I was feeling guilty about not going into Whitby as it looked a bit special, apparently had wonderful fish and chips and was the place where Captain James Cook’s boat Endeavour was built as a Bark for the original purposes of transporting coal from Newcastle to London. I had just read ENDEAVOUR: by Peter Moore, about the life of Endeavour from the choice of wood that was selected to her demise as a troop ship during the American war of independence against the British, when she was scuttled in the harbour entrance of Newport Rhode Island to prevent the American naval boats from getting in to attack the depleted UK fleet there. 

It was going to be a ‘Plan B’ harbour in case of need but it didn’t have genuine all states access , had a lifting bridge that only operated for four hours and the fuel berth looked a little bit too trawler inspired.

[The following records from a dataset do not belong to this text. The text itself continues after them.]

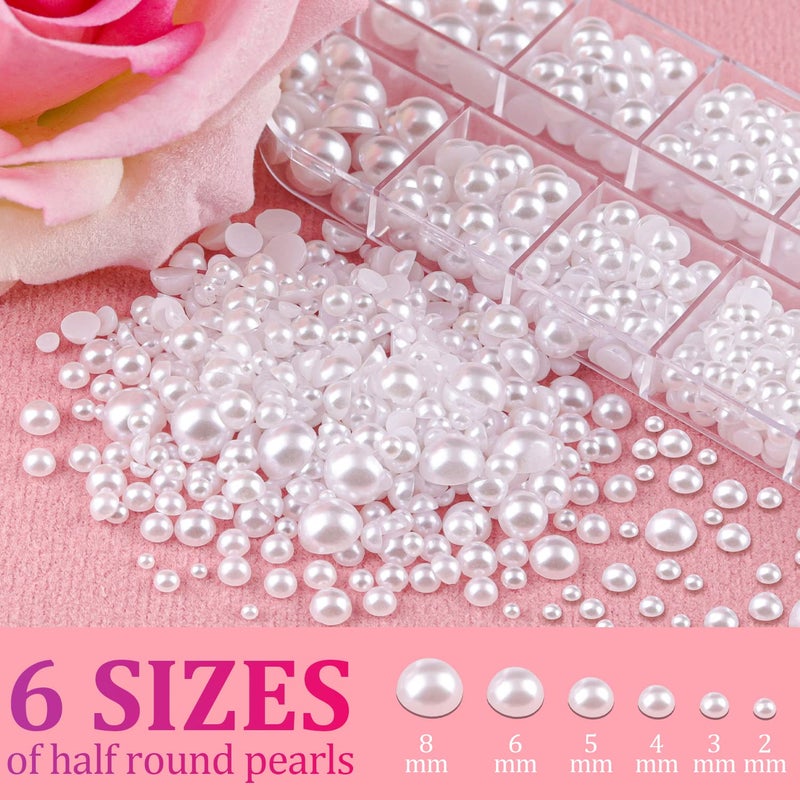 Belleboost Flat Back Pearls Kits 2 Boxes of Flatback White Half Round Pearls with Pickup Pencil and Tweezer for Home DIY and Professional Nail Art, Face Makeup and Craft - Image 2
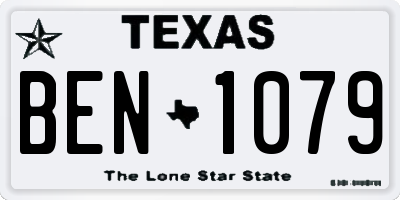 TX license plate BEN1079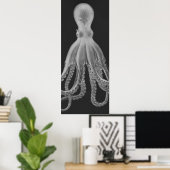 Overmaatse Octopus Triptych II Afdrukken in grijs Poster (Thuiskantoor)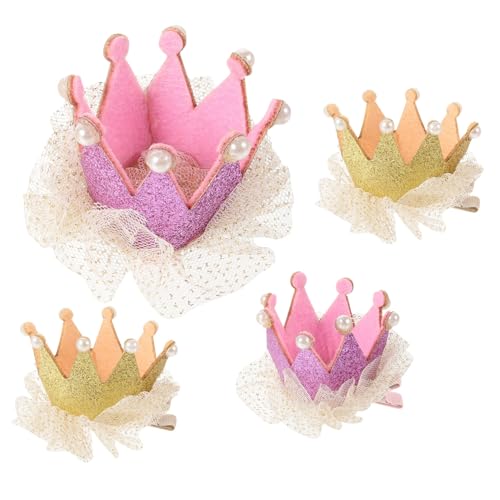 VILLFUL 4 Stück Teiliges Haarspangen Krone Design Haarschmuck Leicht Sicher Komfortabel für Mädchen Party Festival Geeignet Zufällige Farbe Zufällige Farbe von VILLFUL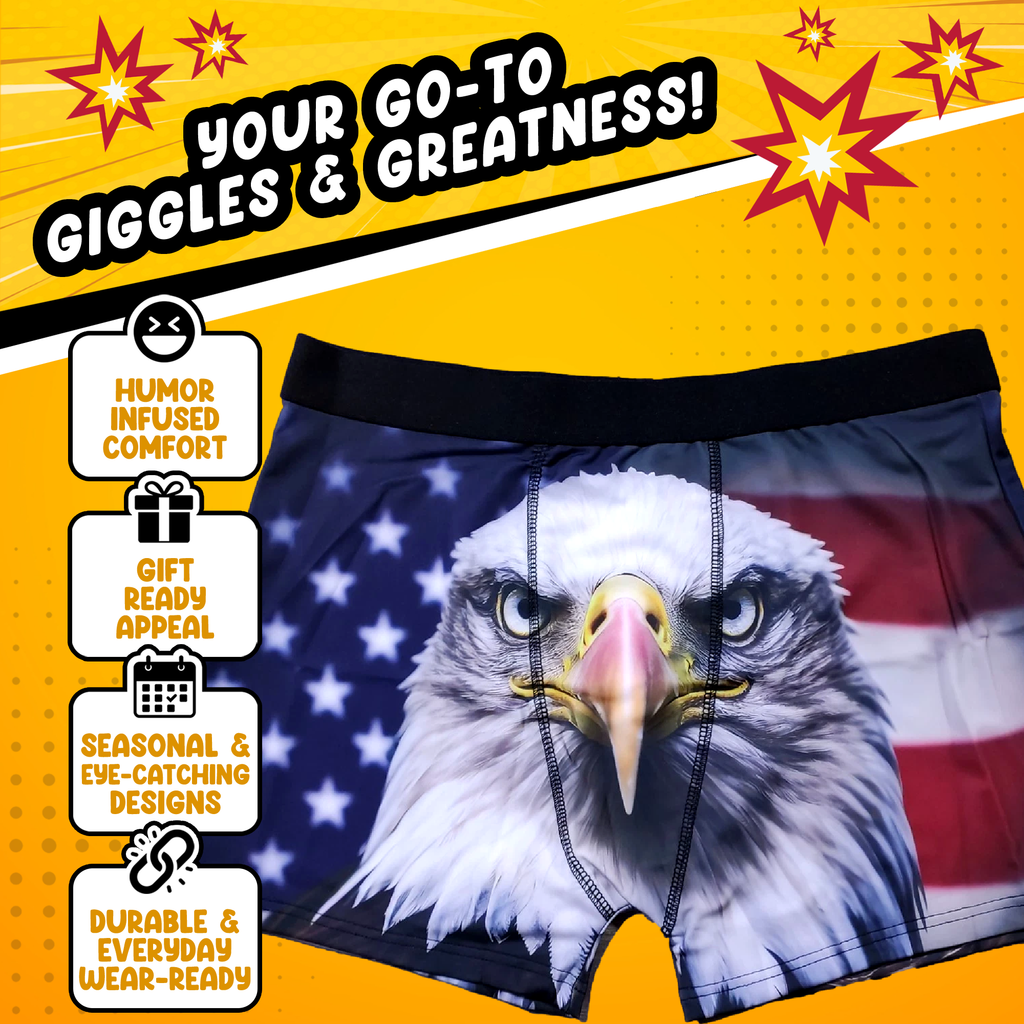 American Bald Eagle Men’s Boxer Briefs – Patriotic USA Underwear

Anyway that was my excuse for not going in.

We went past Whitby as the sea picked up to moderate from slight and we had to reduce speed to our slowest planing speed of 14 knots, and then to displacement speed for a while. It was low tide with 1.5 metres above chart datum which would have given a least 2.5 metres at the harbour entrance. we decided that we would plug on for a few more miles to see if the sea would flatten off again, but we were both very tempted to enter. 

Roker Pier Lighthouse

The sea reduced to a more comfortable state again allowing for 15/16 knots so we ploughed on to Sunderland past Hartlepool. The entrance to the River Wear was simple and the newish Sunderland Marina was to starboard, a short distance in from the harbour entrance. 

Entering Sunderland Marina

The marina staff were eventually raised on the phone and we were allocate a berth. This is a super little marina and very convenient for any pleasure boats passage making, up or down the east coast of the UK, it also has a very respectable Italian Restaurant in the Marina complex.

Sunderland Marina

The boat was hosed down and the coldest beers were found to lubricate our tonsils.

Who would have thought we would visit Sunderland in a boat?